E aí reside o grande ponto que Leandro Hassum não parece estar interessado: falta auto-crítica para perceber que os filmes dele precisam evoluir.

Verdade que “Chorar de Rir” seja um salto (pequeno, diga-se), mas, o problema do cinema feito por ele não ser reconhecido deve-se à baixa qualidade do material que apresenta. Até mesmo o tipo de humor careteiro dele soa datado para os tempos atuais – Jim Carrey e o próprio colega dele na Globo, Marcius Melhem, foram por outros caminhos mais interessantes nesta década.

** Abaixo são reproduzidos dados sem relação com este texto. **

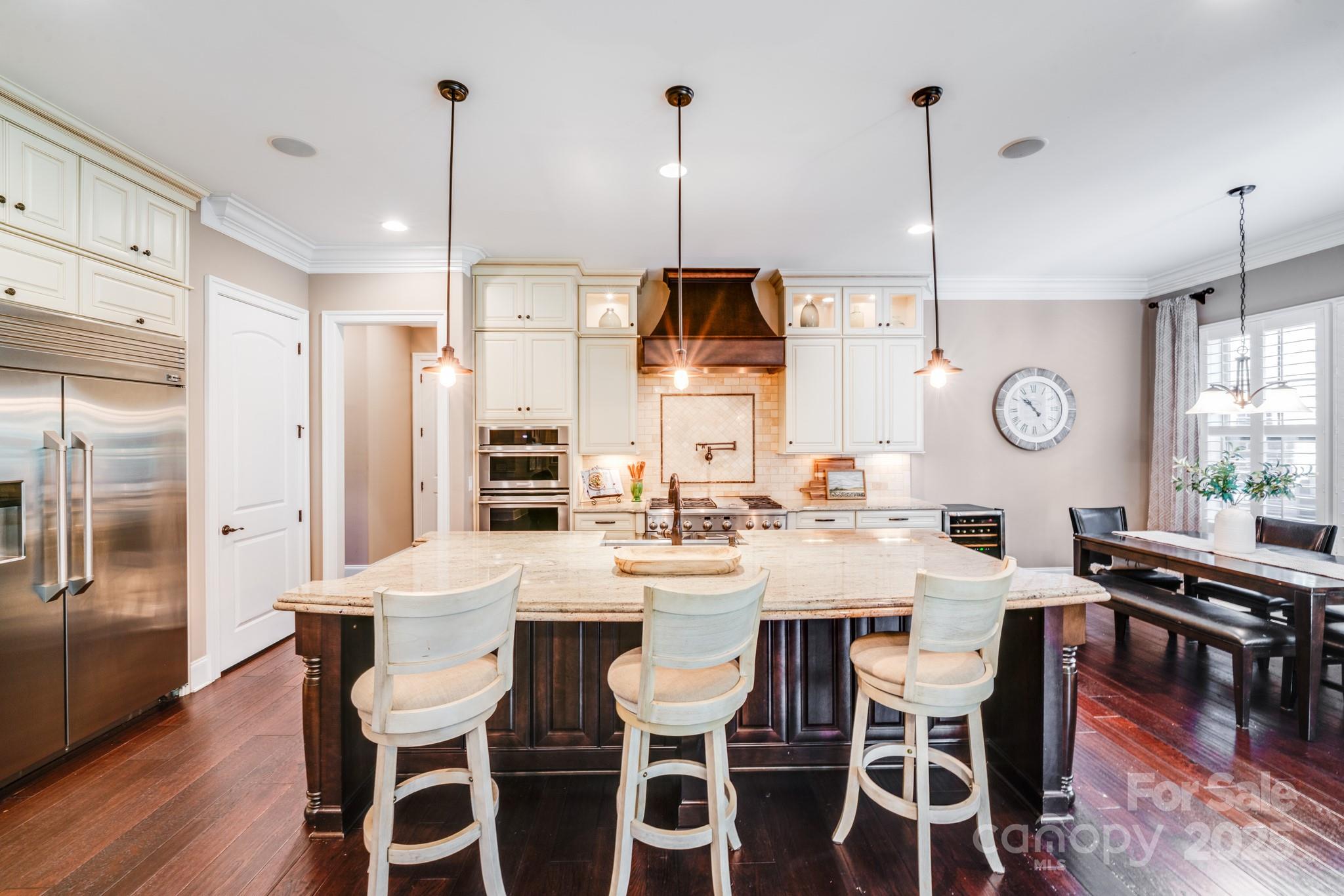 126 Forsythia Lane Tega Cay, SC 29708 - Photo 7 of 32 a dining room with stainless steel appliances kitchen island granite countertop a dining table chairs and couches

Procurar “inimigos” nos filmes nacionais que “quase ninguém vê” e achar profissionais arrogantes apenas por não gostarem do trabalho dele soa infantil e até burro, afinal, os longas nacionais pouco vistos, em sua maioria, sofrem com baixa distribuição e divulgação, algo que as comédias de Hassum não enfrentam. Além disso, humor popular não significa tratar o povo como idiota: é possível, sim, ser inteligente. Na comédia, Chico Anysio, Jô Soares e a turma do “Tá no Ar” deixaram valiosos exemplos disso no Brasil, enquanto o recente “Nós” mostrou o mesmo para o terror.

Se Alejandro González Iñarittu detonou toda a indústria de Hollywood e ainda saiu aplaudido pela mesma no ótimo “Birdman”, Leandro Hassum, no máximo, consegue levantar um ‘isso aí’ tímido dos colegas humoristas com “Chorar de Rir”.

Pelo menos, é mais do que o constrangimento gerado pelas bombas anteriores.